Gostávamos de brincar de correr, de perseguição, mas, às vezes, apenas
ficávamos observando as pessoas em suas brincadeiras: a mais comum era passarem
homens correndo e viaturas policiais atrás deles com as sirenes ligadas.
Ouvíamos os rojões, tiros e pipocos de metralhadora disparados ao léu, seguidos
de gritos, choro, lamentações e, não raro, alguns corpos estendidos pelo
caminho. Por isso, muitas vezes pensei em abandonar aquele palco de violência e
medo, miséria e sujeira, mas o meu cantinho de muro velho de onde apreciava o
nascente me prendia ali. Um dia, levantaram um edifício enorme para abrigar um
hotel de luxo. Elevou-se tanto a construção que rompeu o gabarito da orla (acho
que os hotéis têm esse privilégio!) e pior: acabou-se a última fresta na
muralha de prédios por onde ainda se podia avistar o sol e a praia. Sumiram
também as pessoas que, na areia, pareciam formiguinhas douradas com seus
guarda-sóis coloridos. Para mim, então, foi o fim!... Era muito jovem ainda,
mas resolvi ganhar o mundo, fugir da favela.
Sem
nada conhecer além da vizinhança e do meu muro-de-apreciar-auroras, agora sem
serventia, peguei carona num furgão policial na hora em que ele cumpria a
rotina de despejar no alto do morro dezenas de homens fardados de coturnos
pretos.
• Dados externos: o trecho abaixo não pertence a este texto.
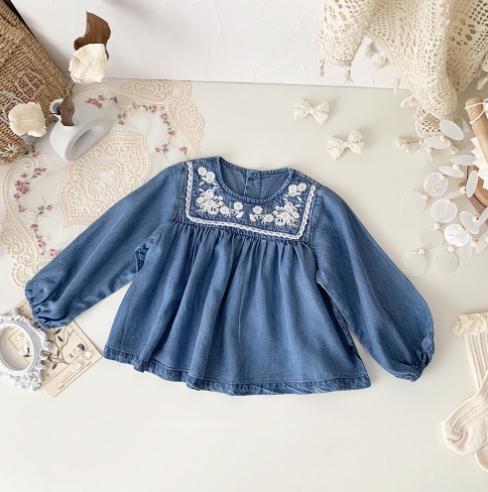 2023春新品★子供服　トップス　デニムシャツ　80-120cm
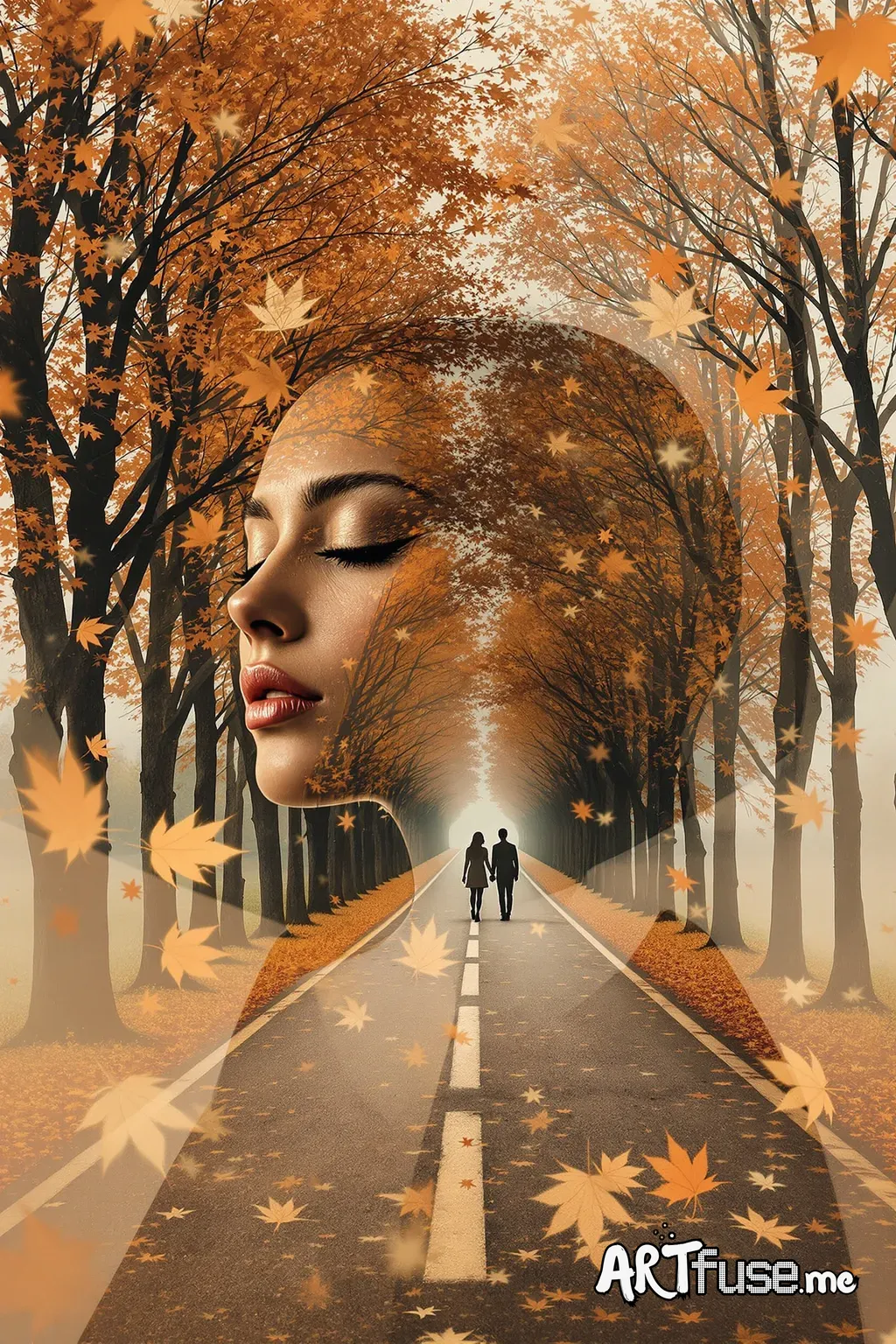 A surreal double exposure digital artwork featuring a woman's profile with closed eyes. Her face is seamlessly blended with a serene autumn landscape: a pathway lined with trees bearing orange and brown leaves, leading into the distance. Silhouetted figures of a couple holding hands walk along the path. Falling autumn leaves surround the scene, merging into her hair and shoulders, creating an ethereal and dreamy atmosphere. The color palette is warm with shades of orange, brown, and muted sepia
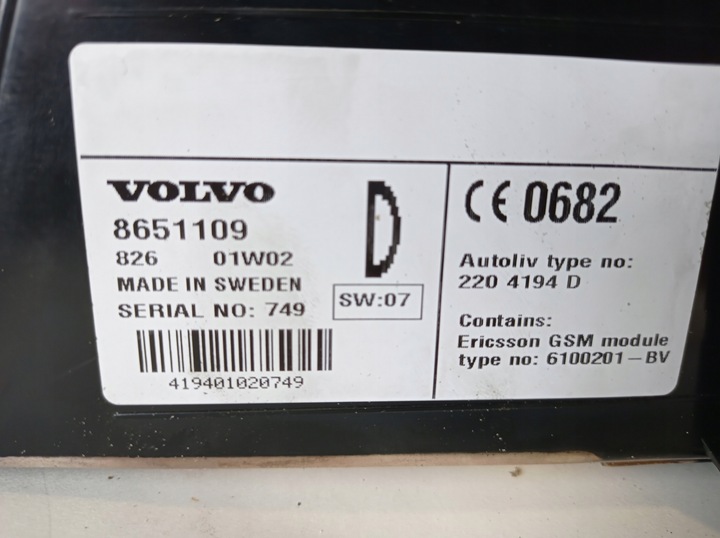 фото №5, Панель радіо телефону volvo s60 8651109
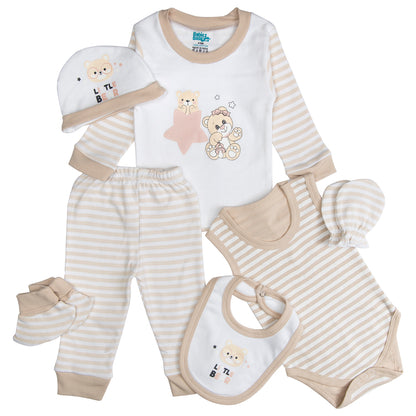 BabiesBasic 7 piece unisex 100% cotton Set include bib, socks, mitten, cap, romper, top and bottom set, 6-9 Months , Brown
Aboletei-me, sem ser visto, num cantinho escuro perto da porta da
viatura e só fui descoberto (e expulso a pontapés) quando ela já estava no
asfalto quente da grande avenida litorânea.
A
dor dos chutes no traseiro passou logo, diante daquela visão: um marzão besta,
azul-de-doer-a-vista, cercado de areia fina onde se exibia uma multidão de
corpos femininos dourados, quase desnudos, cuja limpeza e cor eu logo atribui
ao fato de se banharem naquelas águas maravilhosas. Quis experimentar também o
frescor daquele azul deslumbrante, mas, descalço, desisti da ideia logo que
toquei a areia fervente, que me queimou as plantas dos pés. Voltei ao calçadão
e não sei por quanto tempo fiquei ali parado, apenas olhando o mar. Às vezes,
passavam por mim meninos bem cuidados e cheirosos, mocinhas de laços no cabelo
e olhar lânguido, quase sempre acompanhados por mulheres lindas que me olhavam
com desprezo e nojo e afastavam seus amigos de mim, sempre que eu tentava
segui-los.
Mais
tarde, sobreveio a sede, dominou-me a fome, e voltou uma antiga coceira por meu
corpo inteiro, e tive medo, e me senti só, com saudade dos meus colegas do
morro... Resolvi voltar. Mas não tinha a menor idéia do caminho de volta (eu
descera no interior de uma viatura blindada). Enveredei por uma rua
perpendicular à praia e logo encontrei outra avenida muito larga que, em vez de
calçadão, tinha muitas lojas, bares, cafeterias, supermercados. Ali, consegui
alguma coisa para comer, garimpando o lixo farto das casas comerciais. Passei a
dormir sob a marquise de uma loja, onde já dormiam alguns mendigos que, a bem
da verdade, não me maltratavam, mas também não podiam me ajudar. Às vezes, até
dividiam comigo seus restos de comida...
Fui-me
acostumando àquela vida. Agora tinha liberdade, mas também sentia uma profunda
tristeza. E foi neste ritmo que chegou para mim a idade de namorar, e eu já não
podia ver moça bonita. Sentia um friozinho na espinha, uma coisa esquisita, um
não-sei-quê. Mas, como sempre, era invariavelmente repelido.
Certa
manhã, porém, eu a vi: era clarinha e perfumada, vinha em minha direção com
olhar firme e um certo ar de soberba. Parecia mais deslizar que caminhar. Meu
coração disparou e eu já me dispunha ao assédio quando notei que ela estava
acompanhada por uma mulher que a tratava carinhosamente e a chamava de
Penélope. Não me intimidei porque Penélope tinha algo diferente, que me atraia.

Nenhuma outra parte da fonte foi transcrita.